Supreme Court Says Can Consider Putting Farm Laws Implementation On Hold

The Supreme Court has said it can consider putting on hold implementation of the three agriculture laws which have triggered protests by farmer groups in the last few months.

The intention of the court is to look whether an amicable solution can be found to the issue, Chief Justice of India SA Bobde said during the hearing, as he expressed disappointment with the central government’s handling of the issue.

And while the Solicitor General said the government has “done its best” to handle the issue, Justice Bobde said it has not been effective. The Chief Justice said he was unaware of any consultative process being followed before the laws were passed. “We had asked on last date if the laws can be put on hold. We do not have any reply on that.”

The central government and farmer unions have had eight rounds of talks but failed to break the deadlock as protests at borders of Delhi continue. Protest sites outside New Delhi have turned into semi-permanent camps since the end of November. The protesting farmers even launched a tractor march.

Attorney General for India KK Venugopal opposed passing the stay order on the farm laws, saying no arguments on their constitutionality have yet been put forward in the hearing. The Attorney General also said that putting the laws on hold will be against the interest of those farmers who are in favour or have entered into contracts pursuant to when the laws first came into effect through an ordinance.

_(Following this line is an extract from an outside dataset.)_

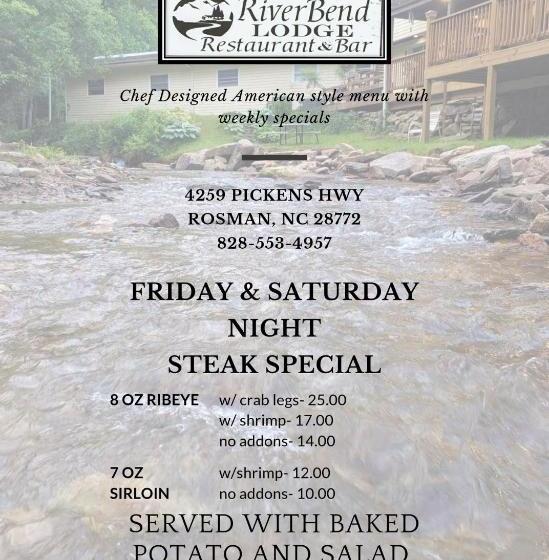 リゾートホテル Riverbend Lodge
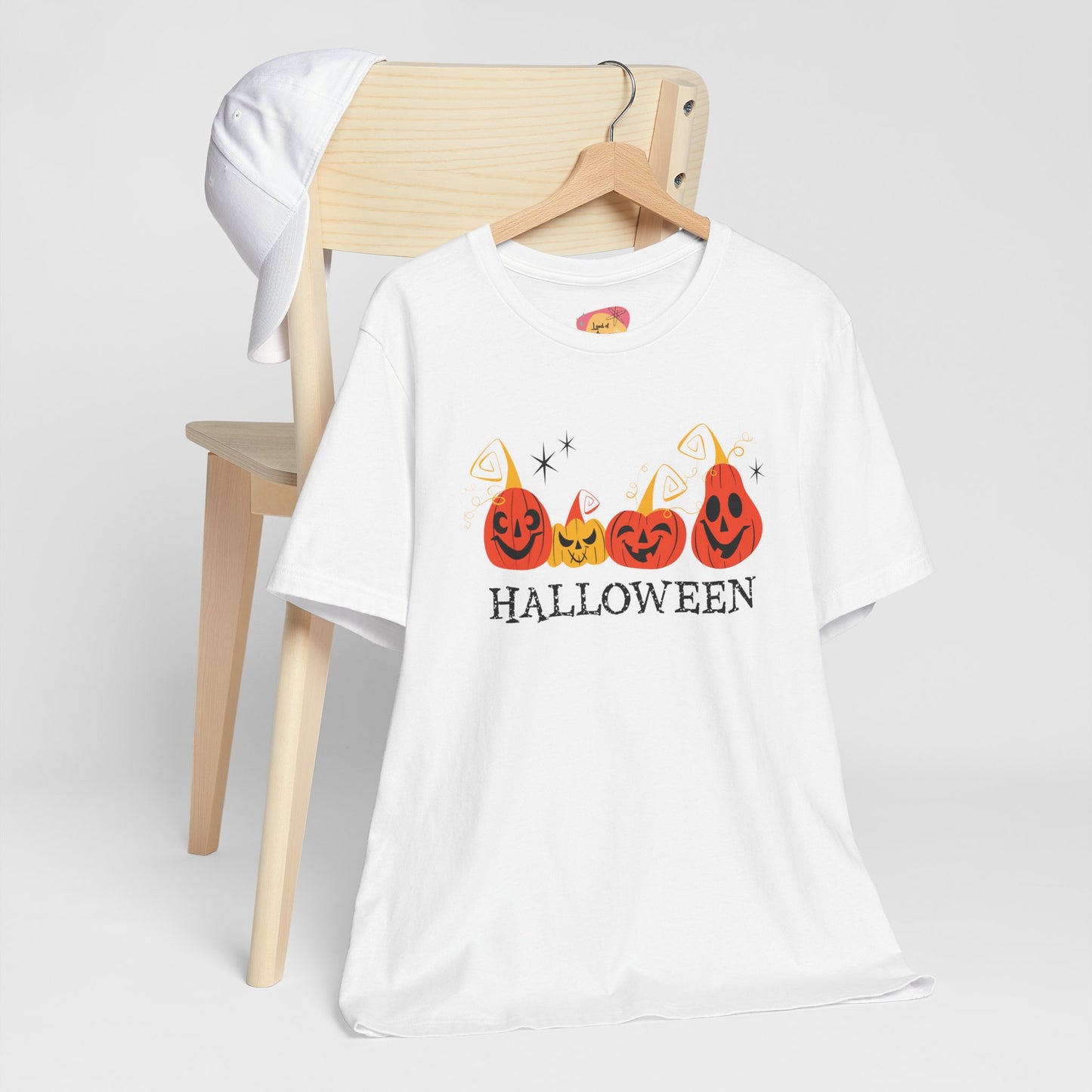 Halloween Pumpkins, white unisex t-shirt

But that didn’t deter the Chief Justice to say that he can consider putting the implementation of the laws on hold instead of staying them. “We can always stay executive action under a law,” Justice Bobde told the Attorney General.

Justice Bobde reiterated his suggestion to set up a committee to facilitate dialogue on the issue, and asked whether farmers can consider shifting their protest location if the court puts the implementation of the laws on hold.

A formal order will be passed on Jan. 12.